The federal budget that was delivered in May 2021 finally saw the announcement of ongoing funding for the federal government’s contribution to 15 hours of preschool for all four-year-olds. This was a welcome announcement after eight years of national campaigning by the AEU and early childhood members. However, there is still work to be done.
The AEU national campaign – Preschool Funding Now! – is focused on convincing the federal government to commit to two years of preschool for every child, delivered by a qualified teacher. Evidence shows that this sets children up to start school ready to learn, and with a strong foundation for their future beyond school.
Our campaign continues to pursue the ‘missing year’ for three-year-olds. Campaign activities have included lobbying and engagement in the ‘Thrive by Five’ campaign, with future actions to include lobbying state and federal politicians, capturing and promoting member stories about the importance of additional investment, and working with the IEU, UWU and ACTU.
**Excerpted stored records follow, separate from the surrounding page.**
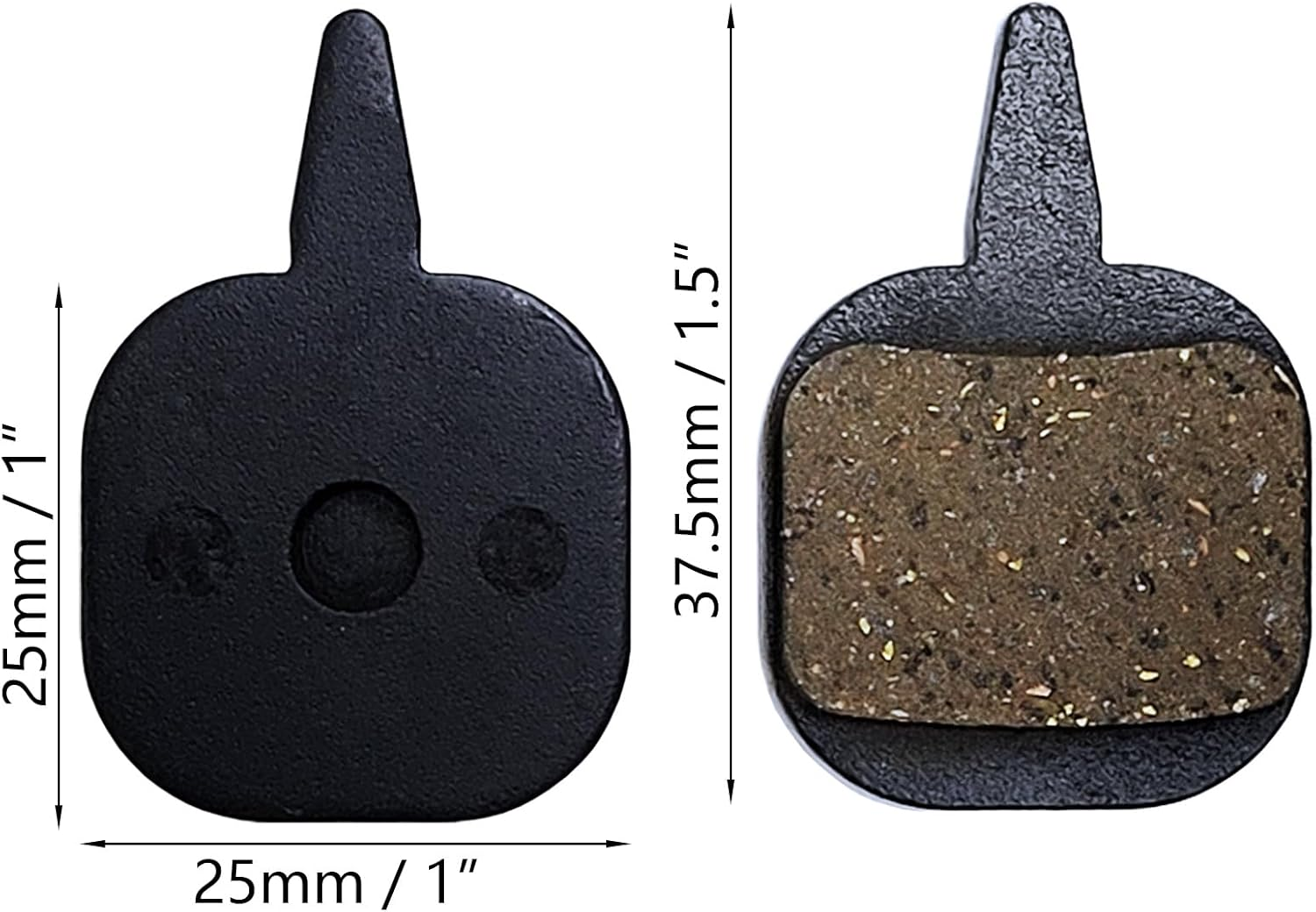 4 Pairs Bicycle Bike Disc Brake Pads Resin Semi-Metallic 4Mm Thickness Compatible with Tektro IO Mountain Bike Replacement Parts Set image number 2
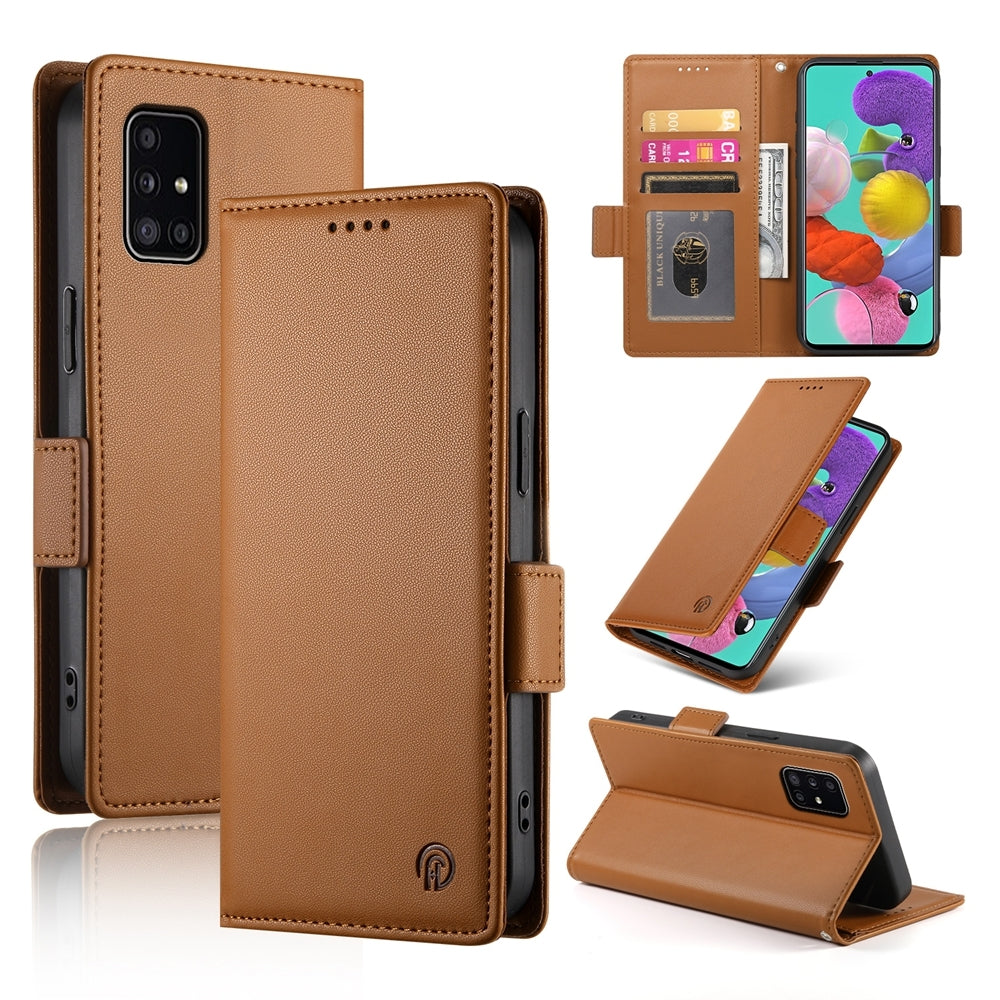 Samsung Galaxy A51 4G Wallet Case - Luxury Magnetic PU Leather Flip Cover with Card Slots, Stand & Shockproof Protection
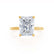 PARIS - Radiant Natural Diamond 18k Yellow Gold Hidden Halo Solitaire Engagement Ring Lily Arkwright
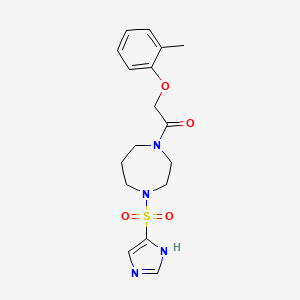 1-(4-((1H-imidazol-4-yl)sulfonyl)-1,4-diazepan-1-yl)-2-(o-tolyloxy)ethanone
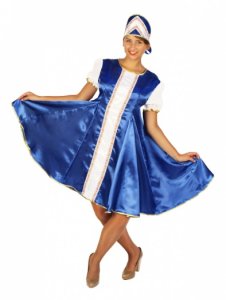 Костюм Царевна синяя  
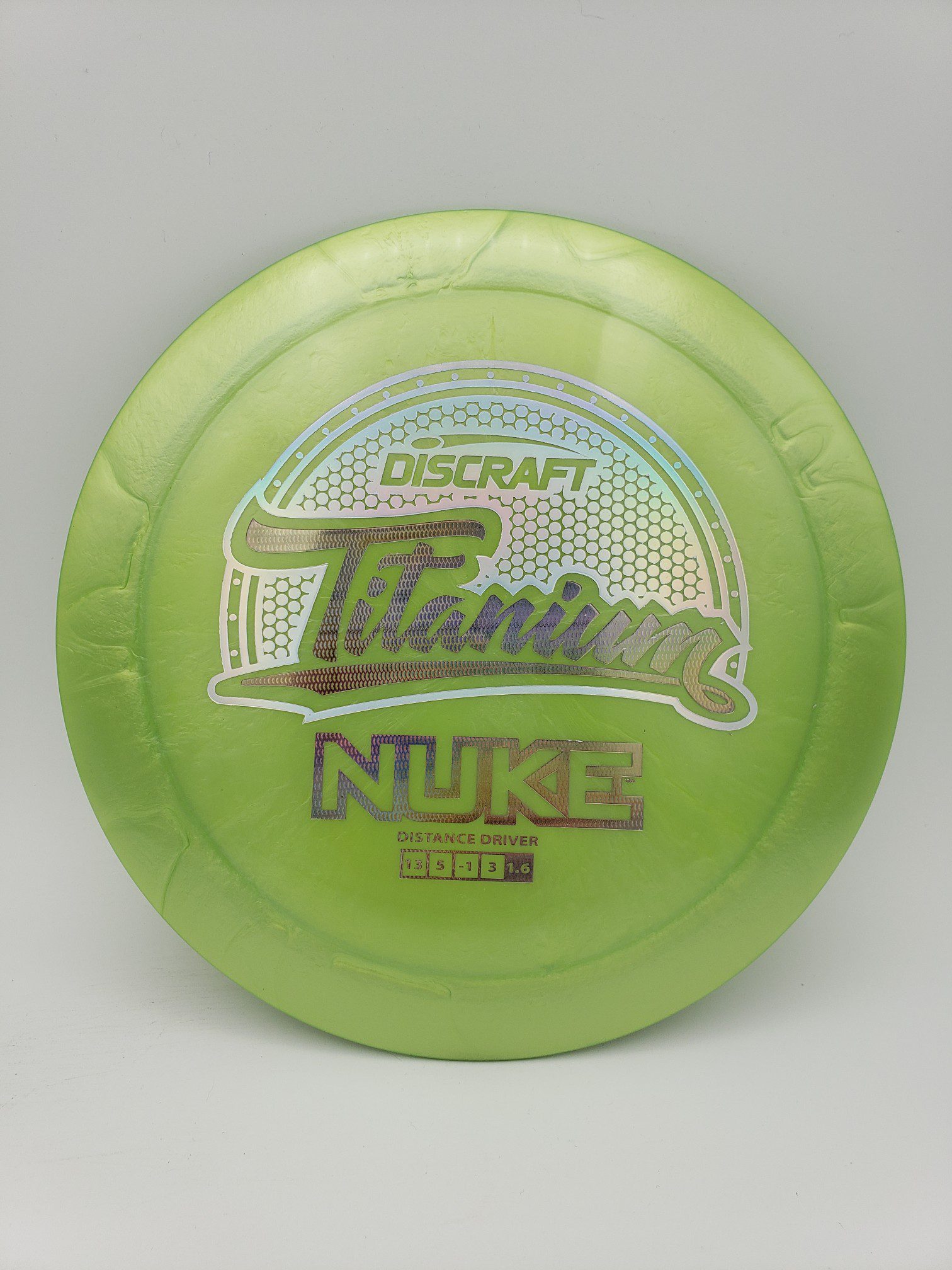 Discraft Titanium Nuke disc golf disc front view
Monitoring caveats on federal funding
In addition, the commitment to four-year-old funding came with a number of caveats that remain a concern, including measures on student attendance, and school readiness and performance. Federal education minister Alan Tudge has announced that the school readiness and performance component will be developed and trialled over a number of years, with implementation expected in 2025. The measure of attendance is due to be implemented in 2024.
Maximising the number of children who attend four-year-old preschool is an important goal. But there is concern that the federal government could take a more punitive approach to this measure, requiring states to meet targets to access funding, rather than using the measure as a means to encourage and increase attendance.
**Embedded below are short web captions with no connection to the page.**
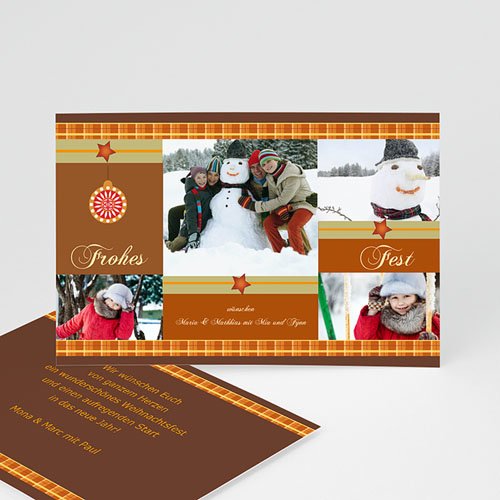 Weihnachtskarten - Weihnachtsmuster 2620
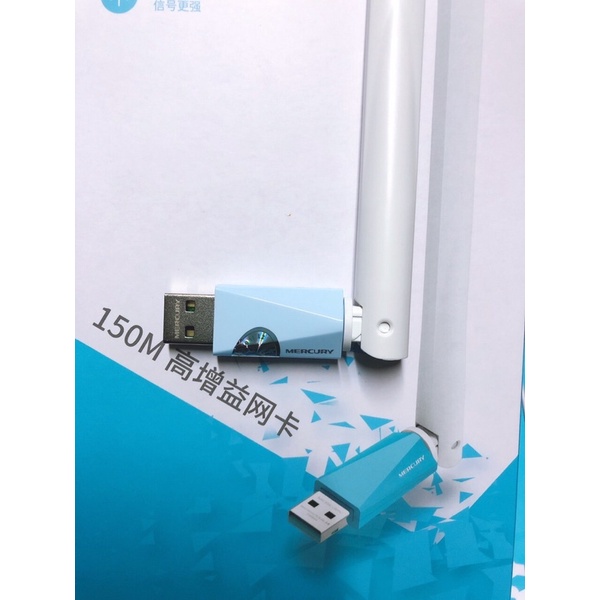 ( Hàng Hãng ) Usb Thu Wifi Mercury Có Râu Tốc Độ 150Mbps Dùng Cho Máy Tính Pc Laptop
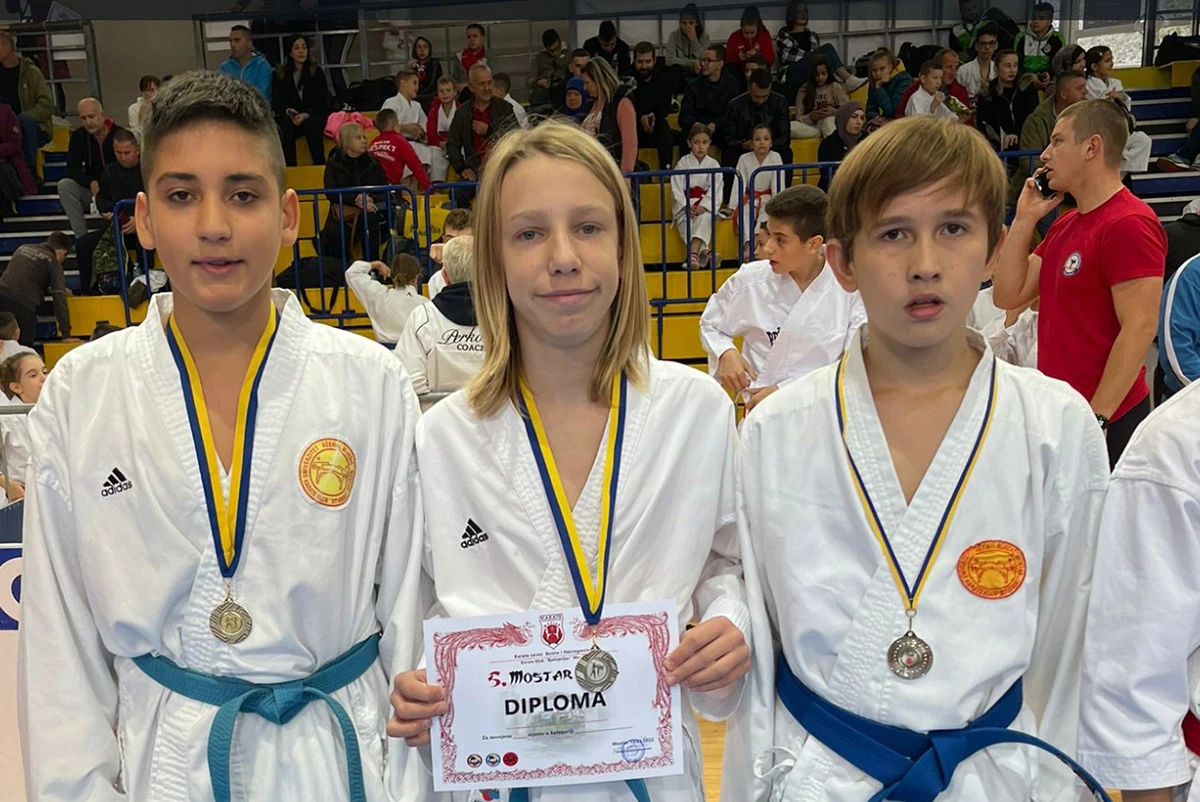 Mostarski karate klub ''Student'' bogatiji za još dvije medalje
The concerns are the same for the school readiness and performance measure. The government has made it clear that with such a significant investment in funding for four-year-old preschool they want to be sure they are getting a return on that investment in terms of student outcomes.
Whilst the minister has indicated that there is funding to undertake research, and there will be consultation with stakeholders and academics, there are fears that the government could pursue a high-stakes testing regime.
Negotiations for the next national early childhood partnership agreement are underway between the state and federal governments. The role of the Victorian government will be crucial.
While no one has any significant argument about the focus on improving attendance levels and the quality of programs, we do not want to see the federal government using the agreement to introduce punitive measures and link them to the allocation of funding. Any such measures could undermine the important work teachers and educators do, and put funding allocations at risk.
The AEU has raised our concerns with the state government, and they have indicated that they have similar concerns. We will continue to monitor the negotiations as they progress.